Va considerato che secondo Dallara questa è una funzione di sicurezza: togliendo peso alla monoscocca le barriere devono decelerare meno massa, proteggendo il pilota.

In una F1 ci sono diversi fluidi che possono prendere fuoco, ma la palla di fuoco che abbiamo visto è certamente attribuibile al carburante. Una F1 inizia la gara con circa 100-110 kg di benzina, ovvero circa 150 litri. Il serbatoio stesso si trova racchiuso dentro alla monoscocca, ed è conservato in un serbatoio di sicurezza auto-sigillante.

La cellula risponde alla specifica FIA FT-5 1999, che prevede diversi parametri di resistenza alla tensione, allo strappo e alla foratura. Tutte le cellule usate dai team di F1 sono prodotte dalla Aero Tec Laboratories, in Kevlar trattato con una tecnica proprietaria. Inoltre esistono diverse valvole per fermare l’afflusso di carburante al motore durante un incidente.

Dal 2014 in questa zona è anche collocata la batteria del’ERS, che recentemente è stata la causa dell’incendio al Mugello dell’auto di Stroll.

La monoscocca ha subito un urto violentissimo, che ha strappato tutte le componenti non strutturali, inclusa la carrozzeria attorno al roll bar, la carena in carbonio dell’Halo e anche le strutture di crash laterali. Il rollbar è rimasto leggermente intaccato, e ha perso tutta la carrozzeria in carbonio.

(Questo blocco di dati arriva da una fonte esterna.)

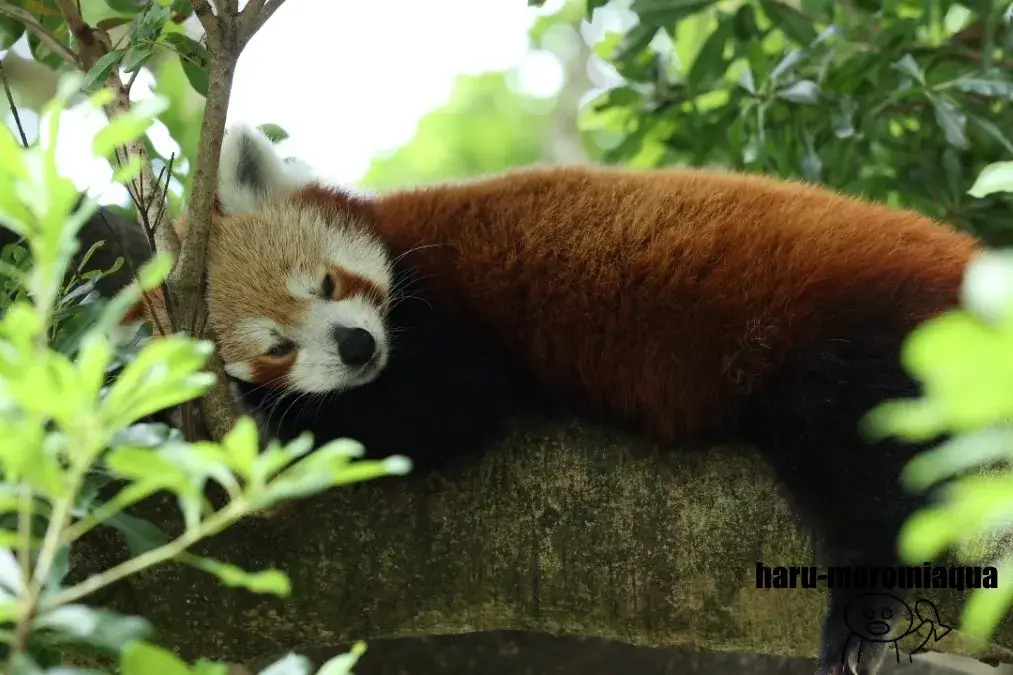 熱川バナナワニ園　ニシレッサーパンダ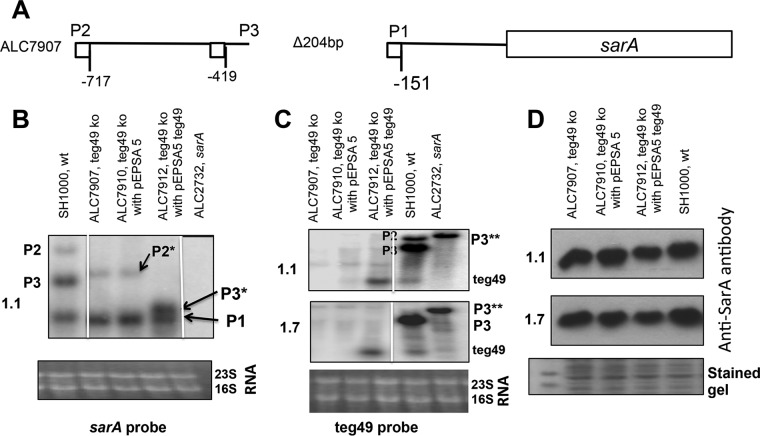 FIG 3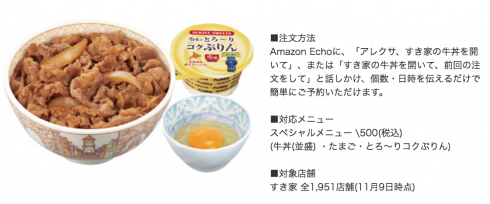 Amazon EchoDotからすき家の牛丼を一個オーダーしてみたら…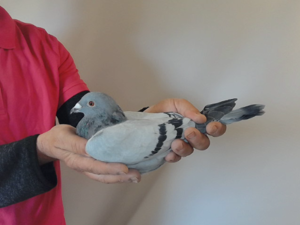 Pigeon image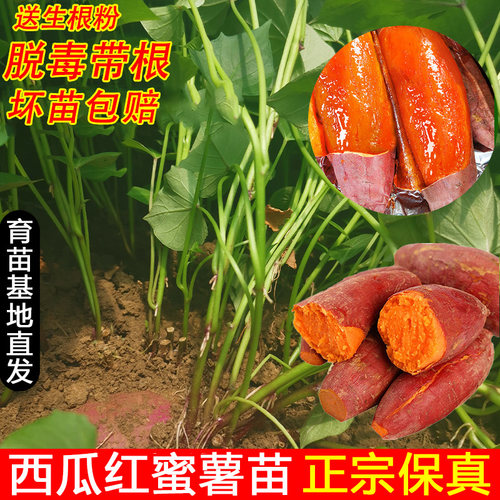 现拔现发西瓜红红薯苗秧地瓜苗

La FIA dovrà certamente stabilire la causa di questa esplosione, e cosa l’ha innescata. Le ipotesi più probabili rimangono la rottura del serbatoio, forse causata da un palo del guard rail, o una rottura dei tubi del carburante.

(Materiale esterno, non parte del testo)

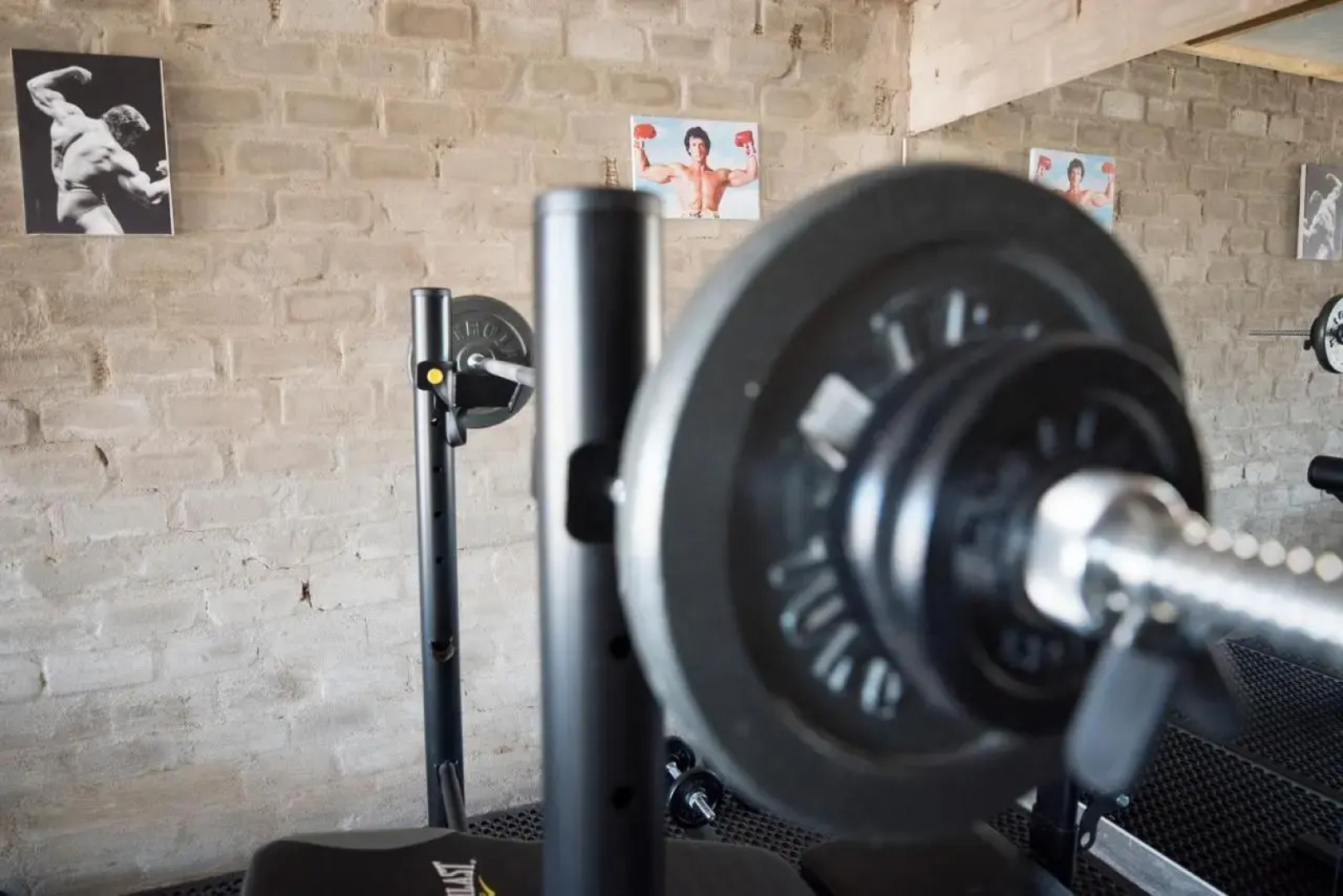 Dornhuegel Guest Farm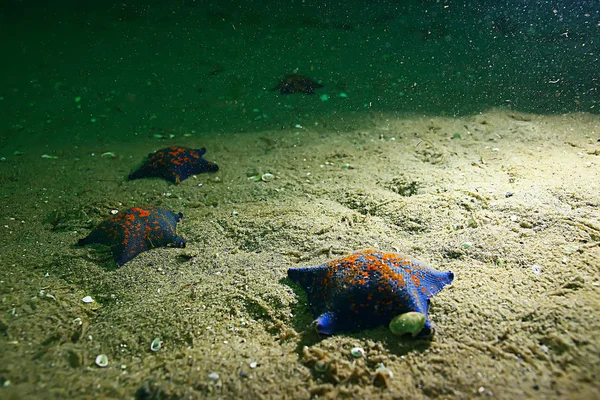 Starfish in blue sea water — Stock Photo, Image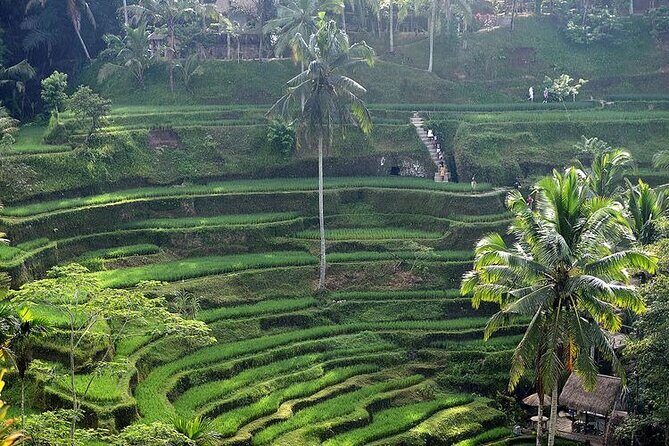 Best Bali Day Tour - Exploring the Full Experience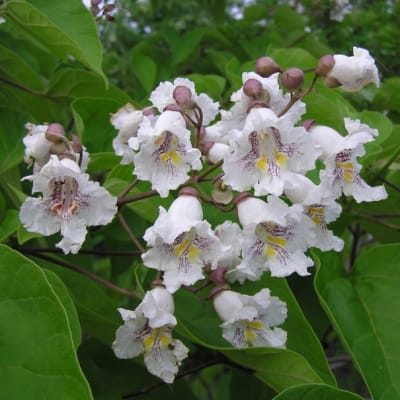 Catalpa Bignonioides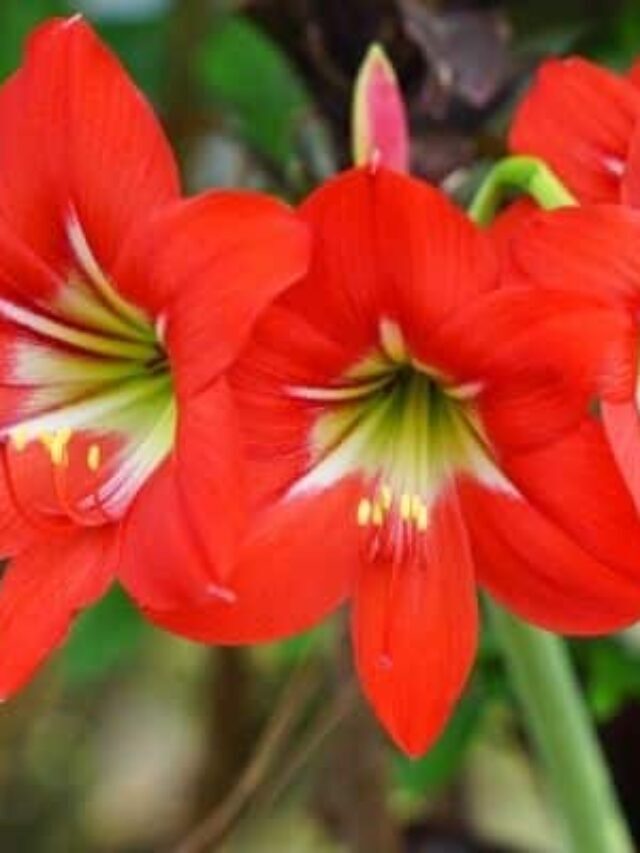 Planta Amarílis: Todos os Cuidados para um Flor Maravilhosa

Finora non si ha notizia di un incendio della batteria, e non c’è alcun segno che sia accaduto all’impatto anche se è sicuramente successo nelle fasi succesive. Inoltre il contenitore della batteria è stato strappato dalla monoscocca (sotto il serbatoio ed è rimasto con il motore). È tuttavia possibile chela batteria abbia causato un cortocircuito. Di sicuro è stato ripreso un tecnico mentre tagliava i cavi dell’accumulatore.

Abbiamo anche ipotizzato un principio di incendio dagli scarichi, propagatosi durante la separazione in due della vettura (si ringraziano Federico Martello e Davide Galli).

Secondo Movistar i tecnici della Haas hanno recuperato il serbatoio ancora in gran parte pieno nel post-incidente, e la causa dell’incendio è dovuta al carburante che era già nel sistema di alimentazione.

Secondo le parole di Gabriele Tredozi, riportate da Motorsport, la causa dell’incendio è invece dovuta alla compressione della benzina durante l’incidente. La benzina avrebbe poi trovato uno sfogo facendo saltare il  bocchettone di rifornimento, uscendo come liquido e vapore in fiamme. Inoltre all’aumento della pressione aumenta il limite superiore di infiammabilità, ovvero l’esplosione avviene con concentrazioni di carburante molto superiori a quelle possibili a pressione atmosferica. L’intervento dei pompieri ha fermato l’incendio del resto del carburante.

In ultimo luogo, Grosjean è sopravvissuto grazie ai 4 strati di Nomex che compongono la tuta e le sottovesti di un pilota di F1. Questo polimero a base di meta-aramide resiste per circa un minuto al fuoco, Grosjean ha impiegato 25 secondi per uscirne, con alcune ustioni alle mani, dove la protezione è inferiore. Recentemente un aggiornamento degli standard aveva portato la zona di assoluta sicurezza a ben 20 secondi per la tuta.

In conclusione, vogliamo augurare una rapida ripresa a Romain Grosjean, e congratularci con la FIA e con Dallara che produce i telai Haas, per avere raggiunto questo grado di sicurezza, che ha senza dubbio evitato il peggio oggi. Tutte le strutture di sicurezza passiva introdotte dal 1994 ad oggi hanno protetto il pilota, soprattutto l’Halo. Resta da indagare sulle barriere e sulle cause dell’incendio.